What you are asked to do » The entries shown below are to be printed in full, unaltered.

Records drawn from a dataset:
+-------+
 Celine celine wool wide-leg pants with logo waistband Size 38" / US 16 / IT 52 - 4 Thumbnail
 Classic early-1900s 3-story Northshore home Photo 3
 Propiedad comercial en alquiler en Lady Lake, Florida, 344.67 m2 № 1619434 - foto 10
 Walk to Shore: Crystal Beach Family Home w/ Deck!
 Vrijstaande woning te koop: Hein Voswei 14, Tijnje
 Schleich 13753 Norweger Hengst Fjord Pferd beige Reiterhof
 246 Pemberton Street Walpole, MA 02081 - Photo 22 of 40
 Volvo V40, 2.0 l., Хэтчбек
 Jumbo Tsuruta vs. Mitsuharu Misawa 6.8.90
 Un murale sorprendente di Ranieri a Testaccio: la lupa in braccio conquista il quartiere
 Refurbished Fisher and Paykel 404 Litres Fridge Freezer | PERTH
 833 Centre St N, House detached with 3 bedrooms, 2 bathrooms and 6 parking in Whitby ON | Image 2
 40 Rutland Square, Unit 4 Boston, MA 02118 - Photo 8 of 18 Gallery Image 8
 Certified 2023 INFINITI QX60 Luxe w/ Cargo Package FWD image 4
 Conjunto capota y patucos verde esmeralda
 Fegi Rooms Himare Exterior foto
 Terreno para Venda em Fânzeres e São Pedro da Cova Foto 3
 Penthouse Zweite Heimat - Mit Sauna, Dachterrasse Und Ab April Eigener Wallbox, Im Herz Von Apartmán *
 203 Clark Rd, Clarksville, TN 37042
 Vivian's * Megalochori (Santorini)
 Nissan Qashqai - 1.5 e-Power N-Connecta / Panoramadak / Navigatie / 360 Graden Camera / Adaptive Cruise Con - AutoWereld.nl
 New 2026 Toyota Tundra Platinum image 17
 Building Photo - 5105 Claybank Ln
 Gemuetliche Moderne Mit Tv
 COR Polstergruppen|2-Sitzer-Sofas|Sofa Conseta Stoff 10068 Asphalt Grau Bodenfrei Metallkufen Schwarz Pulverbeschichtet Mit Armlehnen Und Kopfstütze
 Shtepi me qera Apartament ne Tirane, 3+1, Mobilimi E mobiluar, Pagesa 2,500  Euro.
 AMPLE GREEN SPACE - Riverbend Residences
+-------+
Your solution »
 Celine celine wool wide-leg pants with logo waistband Size 38" / US 16 / IT 52 - 4 Thumbnail
 Classic early-1900s 3-story Northshore home Photo 3
 Propiedad comercial en alquiler en Lady Lake, Florida, 344.67 m2 № 1619434 - foto 10
 Walk to Shore: Crystal Beach Family Home w/ Deck!
 Vrijstaande woning te koop: Hein Voswei 14, Tijnje
 Schleich 13753 Norweger Hengst Fjord Pferd beige Reiterhof
 246 Pemberton Street Walpole, MA 02081 - Photo 22 of 40
 Volvo V40, 2.0 l., Хэтчбек
 Jumbo Tsuruta vs. Mitsuharu Misawa 6.8.90
 Un murale sorprendente di Ranieri a Testaccio: la lupa in braccio conquista il quartiere
 Refurbished Fisher and Paykel 404 Litres Fridge Freezer | PERTH
 833 Centre St N, House detached with 3 bedrooms, 2 bathrooms and 6 parking in Whitby ON | Image 2
 40 Rutland Square, Unit 4 Boston, MA 02118 - Photo 8 of 18 Gallery Image 8
 Certified 2023 INFINITI QX60 Luxe w/ Cargo Package FWD image 4
 Conjunto capota y patucos verde esmeralda
 Fegi Rooms Himare Exterior foto
 Terreno para Venda em Fânzeres e São Pedro da Cova Foto 3
 Penthouse Zweite Heimat - Mit Sauna, Dachterrasse Und Ab April Eigener Wallbox, Im Herz Von Apartmán *
 203 Clark Rd, Clarksville, TN 37042
 Vivian's * Megalochori (Santorini)
 Nissan Qashqai - 1.5 e-Power N-Connecta / Panoramadak / Navigatie / 360 Graden Camera / Adaptive Cruise Con - AutoWereld.nl
 New 2026 Toyota Tundra Platinum image 17
 Building Photo - 5105 Claybank Ln
 Gemuetliche Moderne Mit Tv
 COR Polstergruppen|2-Sitzer-Sofas|Sofa Conseta Stoff 10068 Asphalt Grau Bodenfrei Metallkufen Schwarz Pulverbeschichtet Mit Armlehnen Und Kopfstütze
 Shtepi me qera Apartament ne Tirane, 3+1, Mobilimi E mobiluar, Pagesa 2,500  Euro.
 AMPLE GREEN SPACE - Riverbend Residences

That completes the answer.